David Miliband is the candidate to beat, the most committed to power and appealing, therefore, to the Labour councilors and its machines. He represents continuity with Blair in his air and appeal.
His brother, by contrast, whose answers on Iraq were powerful, is the closest to a change candidate, wanting to “turn the page” on Blair and Brown. While Diane is the most different, she is also, as she said, a long-time Labour traditionalist. Ed Miliband was the least tribal and seemed to have best grasped that the world has changed.
Andy Burnam apparently looked good on television but is floundering, out of his depth and appeals to the worst kind of Labourism. His holding out still for the invasion and conquest of Iraq is, apart from anything else (ie the fundamental issues), absurd and amateurish – how would he tell President Obama that he was wrong to have opposed the war!

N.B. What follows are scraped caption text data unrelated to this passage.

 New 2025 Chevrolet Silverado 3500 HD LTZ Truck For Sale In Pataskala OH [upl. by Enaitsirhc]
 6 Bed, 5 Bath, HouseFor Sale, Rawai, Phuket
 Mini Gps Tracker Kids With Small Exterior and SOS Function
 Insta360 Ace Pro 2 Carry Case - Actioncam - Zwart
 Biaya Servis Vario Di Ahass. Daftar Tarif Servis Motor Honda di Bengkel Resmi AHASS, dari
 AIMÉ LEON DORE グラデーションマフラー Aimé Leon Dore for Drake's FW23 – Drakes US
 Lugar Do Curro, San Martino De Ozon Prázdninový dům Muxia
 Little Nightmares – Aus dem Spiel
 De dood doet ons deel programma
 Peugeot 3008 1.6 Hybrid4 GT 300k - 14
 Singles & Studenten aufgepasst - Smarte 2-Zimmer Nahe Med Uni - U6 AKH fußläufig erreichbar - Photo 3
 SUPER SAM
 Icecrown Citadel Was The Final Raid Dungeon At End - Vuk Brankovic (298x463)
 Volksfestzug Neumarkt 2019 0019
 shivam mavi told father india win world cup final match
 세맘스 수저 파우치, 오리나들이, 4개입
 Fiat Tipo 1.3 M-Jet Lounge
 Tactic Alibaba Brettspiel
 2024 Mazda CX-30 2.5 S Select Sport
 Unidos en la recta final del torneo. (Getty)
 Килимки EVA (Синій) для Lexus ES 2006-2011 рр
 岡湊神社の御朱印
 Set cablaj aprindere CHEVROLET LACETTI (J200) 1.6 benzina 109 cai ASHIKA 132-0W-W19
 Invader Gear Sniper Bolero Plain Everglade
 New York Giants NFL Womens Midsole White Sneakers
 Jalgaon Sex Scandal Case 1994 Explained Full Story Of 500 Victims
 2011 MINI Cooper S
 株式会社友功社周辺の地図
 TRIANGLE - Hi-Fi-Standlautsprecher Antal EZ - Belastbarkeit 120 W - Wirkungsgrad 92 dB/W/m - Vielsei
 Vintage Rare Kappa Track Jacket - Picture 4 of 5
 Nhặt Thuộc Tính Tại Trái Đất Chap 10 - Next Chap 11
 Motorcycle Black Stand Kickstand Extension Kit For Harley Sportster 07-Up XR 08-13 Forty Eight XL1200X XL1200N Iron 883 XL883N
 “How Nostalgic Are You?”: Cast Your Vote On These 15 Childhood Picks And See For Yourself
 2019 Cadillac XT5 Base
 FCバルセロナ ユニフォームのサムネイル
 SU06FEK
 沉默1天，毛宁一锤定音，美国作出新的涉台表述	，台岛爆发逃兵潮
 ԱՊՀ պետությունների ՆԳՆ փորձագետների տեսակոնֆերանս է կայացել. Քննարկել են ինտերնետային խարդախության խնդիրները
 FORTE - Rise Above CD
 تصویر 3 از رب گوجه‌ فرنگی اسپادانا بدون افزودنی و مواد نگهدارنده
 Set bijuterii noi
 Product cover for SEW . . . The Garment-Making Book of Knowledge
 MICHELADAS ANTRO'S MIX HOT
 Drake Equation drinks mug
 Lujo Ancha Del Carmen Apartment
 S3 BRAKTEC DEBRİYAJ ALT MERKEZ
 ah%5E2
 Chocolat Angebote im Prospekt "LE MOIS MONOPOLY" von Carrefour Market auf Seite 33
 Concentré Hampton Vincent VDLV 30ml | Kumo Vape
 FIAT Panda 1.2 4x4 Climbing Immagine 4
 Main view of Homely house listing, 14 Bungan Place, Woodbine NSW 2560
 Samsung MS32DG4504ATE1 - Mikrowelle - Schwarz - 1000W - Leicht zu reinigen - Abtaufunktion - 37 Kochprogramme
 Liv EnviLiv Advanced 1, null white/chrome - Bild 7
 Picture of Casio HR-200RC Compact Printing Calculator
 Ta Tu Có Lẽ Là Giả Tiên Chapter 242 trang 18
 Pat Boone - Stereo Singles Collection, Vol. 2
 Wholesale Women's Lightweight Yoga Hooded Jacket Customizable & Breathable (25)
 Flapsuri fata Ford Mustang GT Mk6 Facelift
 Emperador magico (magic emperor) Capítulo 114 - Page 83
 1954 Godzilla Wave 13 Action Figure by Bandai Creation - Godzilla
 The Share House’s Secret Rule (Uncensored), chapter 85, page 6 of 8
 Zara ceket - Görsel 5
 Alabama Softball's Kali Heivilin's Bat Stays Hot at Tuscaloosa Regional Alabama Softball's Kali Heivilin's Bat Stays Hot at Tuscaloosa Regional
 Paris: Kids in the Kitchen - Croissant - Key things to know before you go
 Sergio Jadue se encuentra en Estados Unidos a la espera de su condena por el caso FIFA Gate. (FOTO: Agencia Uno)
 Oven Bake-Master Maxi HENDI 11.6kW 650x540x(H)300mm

Ed Balls was a mixture of the bullying and the reasonable. He makes much of listening but it doesn’t feel as if it would be a pleasure talking to him. Yet he can make practical arguments that are compelling. I liked the way he said if we were going to have all the democratic reforms the Miliband brothers were talking about, why not go for a written constitution so there wouldn’t be all the confusions that accompany reforms in Britain.
There was no discussion of the expenses crisis, the corruption of politics on their patch and of their colleagues (see Gerry Hassan’s post, below) let alone the possibility that David Miliband covered up British involvement in torture.
In his concluding remarks the hopeless Burnham praised the fact there had been no recriminations or introspection! But the media and the Coalition will ensure that Labour’s failure as a government is going to be a big feature of the new five years. Taking a credible measure of what indeed went wrong as well as what was good will be essential for any chance of electoral recovery.
Above all there was no engagement with the fact that if Labour wants to use the state and government to improve peoples lives, they are handling something that is very dangerous and potentially oppressive and open to misuse even if (big if) your own intentions are faultless.
Thirteen years in office has created a generation of Labour politicians who are serious about achieving and know something about doing so, or failing to do so.
If the fifty planned hustings become repetitions of fixed positions, as they are all too likely to be, the candidates will die of boredom and the chance of renwal will be replaced by a banal fight for power over a party that faces ten years of opposition.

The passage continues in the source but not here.